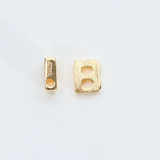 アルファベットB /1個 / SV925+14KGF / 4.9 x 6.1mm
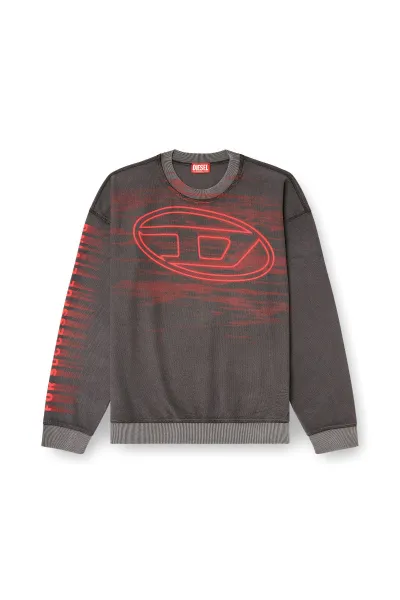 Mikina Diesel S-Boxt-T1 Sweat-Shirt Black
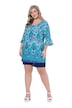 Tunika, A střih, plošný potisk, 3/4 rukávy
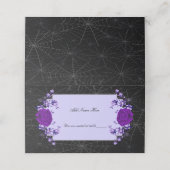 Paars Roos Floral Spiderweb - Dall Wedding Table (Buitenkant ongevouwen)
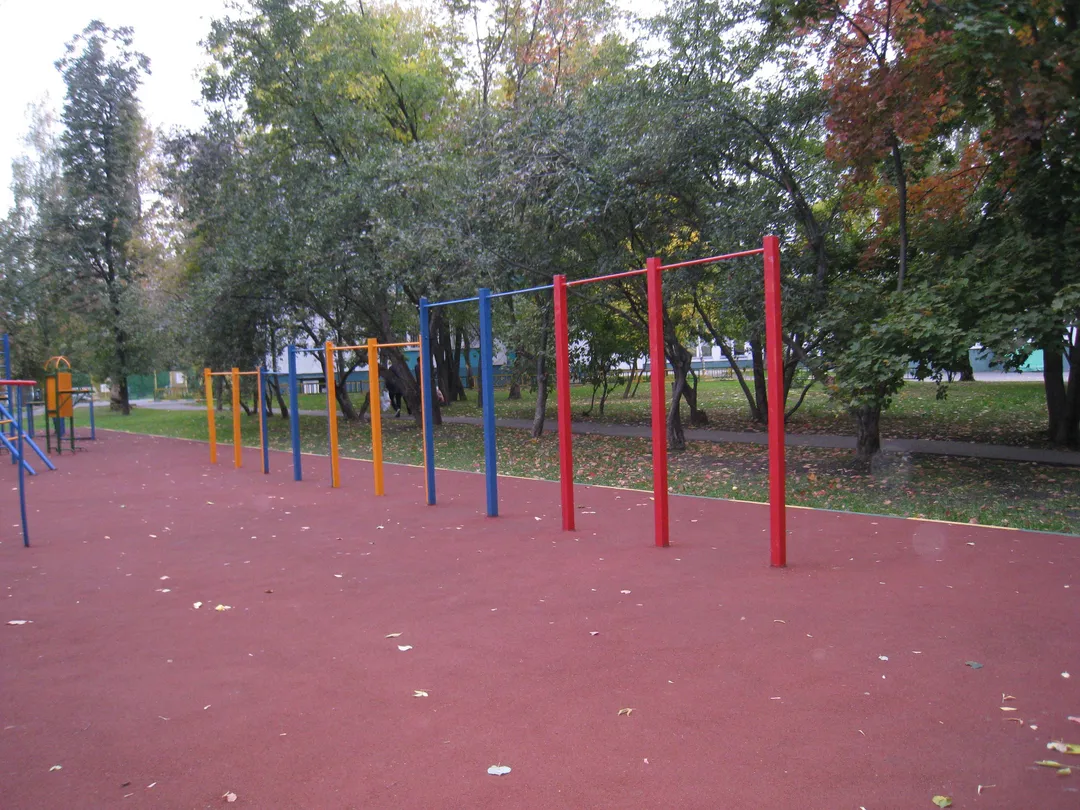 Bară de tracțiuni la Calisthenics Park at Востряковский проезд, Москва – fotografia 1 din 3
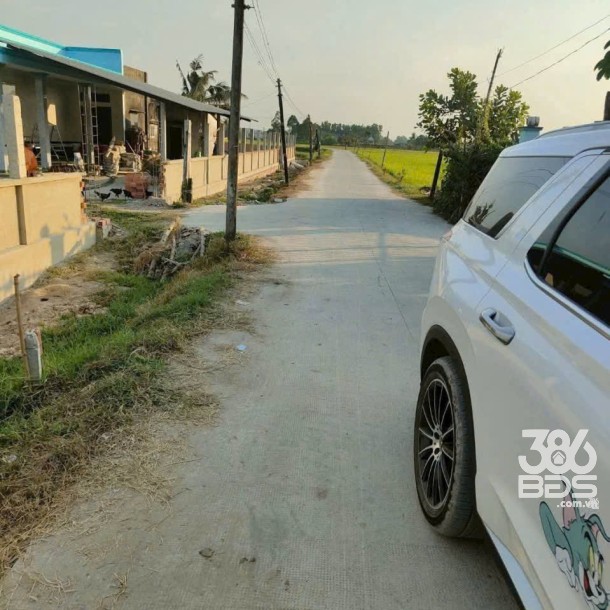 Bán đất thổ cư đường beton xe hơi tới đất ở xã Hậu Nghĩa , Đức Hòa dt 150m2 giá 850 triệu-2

:::::

### Exercise instructions
Reproduce all entries without any change, and omit the pictures.

### Output of the exercise
 アルファベットB /1個 / SV925+14KGF / 4.9 x 6.1mm
 Mikina Diesel S-Boxt-T1 Sweat-Shirt Black
 Tunika, A střih, plošný potisk, 3/4 rukávy
 Paars Roos Floral Spiderweb - Dall Wedding Table (Buitenkant ongevouwen)
 Bară de tracțiuni la Calisthenics Park at Востряковский проезд, Москва – fotografia 1 din 3
 Bán đất thổ cư đường beton xe hơi tới đất ở xã Hậu Nghĩa , Đức Hòa dt 150m2 giá 850 triệu-2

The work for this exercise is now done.